Not quite. The E484K mutant has been responsible for documented reinfections in Brazil ( https://virological.org/t/spike-e484k-mutation-in-the-first-sars-cov-2-reinfection-case-confirmed-in-brazil-2020/584 ) and the Novavax trial in SA had reinfections *in the placebo group* ( https://www.bmj.com/content/372/bmj.n359 )
Its a mutation in an area commonly used for antibody binding and also an area the vaccines generally try to mimic. So its evolved as a more general immune evasion which as luck would have it also evades vaccines that target the same place.
This is one issue with new vaccines targeting a specific area of a virus rather than older style inactivated which expose the immune system to the whole thing.
Ultimately all the vaccines showed a 6 fold or so reduction in neutralisation but because they started from an extremely high > 90% level still showed good efficacy against this.
Oxford, starting from a far lower 64% or so because useless taking into account that decrease.
So its a specific problem for ONE vaccine - the others can cope for now well enough.
The problem is the UK is basing almost its entire response on the Oxford/AZ.
It certainly doesnt mean *less* lethality which is what you claimed repeatedly. It could be positive, negative or neutral.
I should not have to teach you this: Of course the prevailing pressure is lower lethality, since dead hosts are in the equivalent of a permanent lockdown, they certainly can't go about infecting others
No. You miss the key part.
With SARs2, the infectious period is relatively small, typically a week on average at most.
People on average take 3-4 weeks to die. They're not infectious for the last 3-4 weeks.
So selection wise its irrelevant. Once a host is no longer infectious theres no selection pressure there at all. You can discard it, throw it in the bin. It has no effect.
A virus has a benefit increasing the time an individual is infectious but after that it really doesnt matter what happens.
If changes to increase infection end up doing more long term harm after that period it doesnt matter - its still a benefit.
Of course every disease in history does spend its time attempting to get more and more transmissible.
It doesnt "attempt" to do anything and theres a natural limit which is R0.
They dont trend to anything, they're kept in equilibrium.
Increased transmission doesnt always yield an advantage either. Its energetically more demanding. It might mean more errors. It might be outcompeted by more benign,stable strains.

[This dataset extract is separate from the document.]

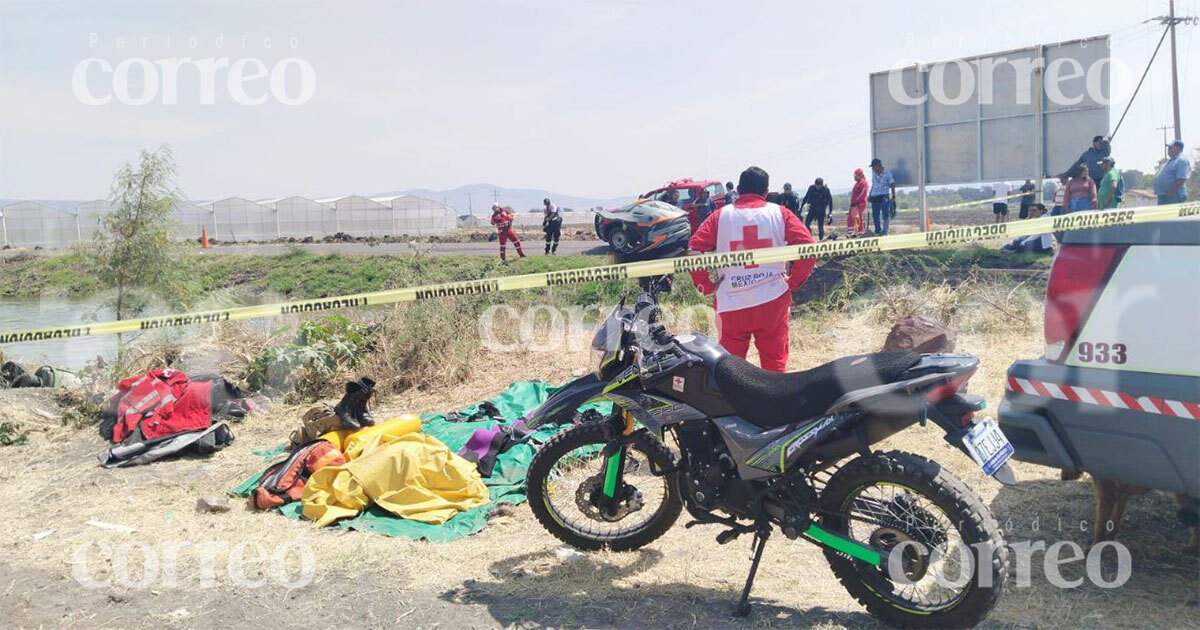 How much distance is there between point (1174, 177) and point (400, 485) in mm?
10743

Lockdowns create selection pressure where only variants more capable of spreading with a thinner pool of hosts can spread.
If that pressure is removed, whatever adaptations MIGHT prove detrimental and come at a cost elsewhere meaning those variants are new replaced.

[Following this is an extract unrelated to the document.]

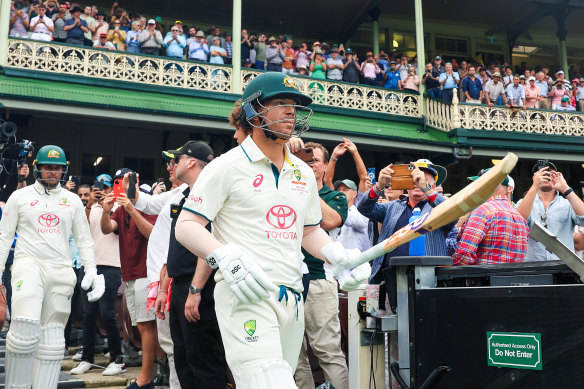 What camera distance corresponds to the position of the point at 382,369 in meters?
4.30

But that isn't always the case, some have no downside so wont go away.
Lethality is not entwined at all with transmission.

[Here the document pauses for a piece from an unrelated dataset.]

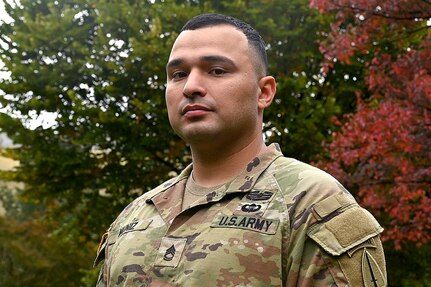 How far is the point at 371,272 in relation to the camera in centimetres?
178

Its transmission window - once thats over the host has no further use.
If extending the transmission window does more damage to the host after that event it doenst matter. A dead host that hasnt been transmitting the virus for weeks provides no evolutionary benefit or detriment at all.
Although viruses often trend to less lethal (this is also due to cross immunity etc) it isnt always the case.
Vaccine induced Polio is a good example where a benign, not very transmissible, non-lethal virus becomes more transmissible and deadly.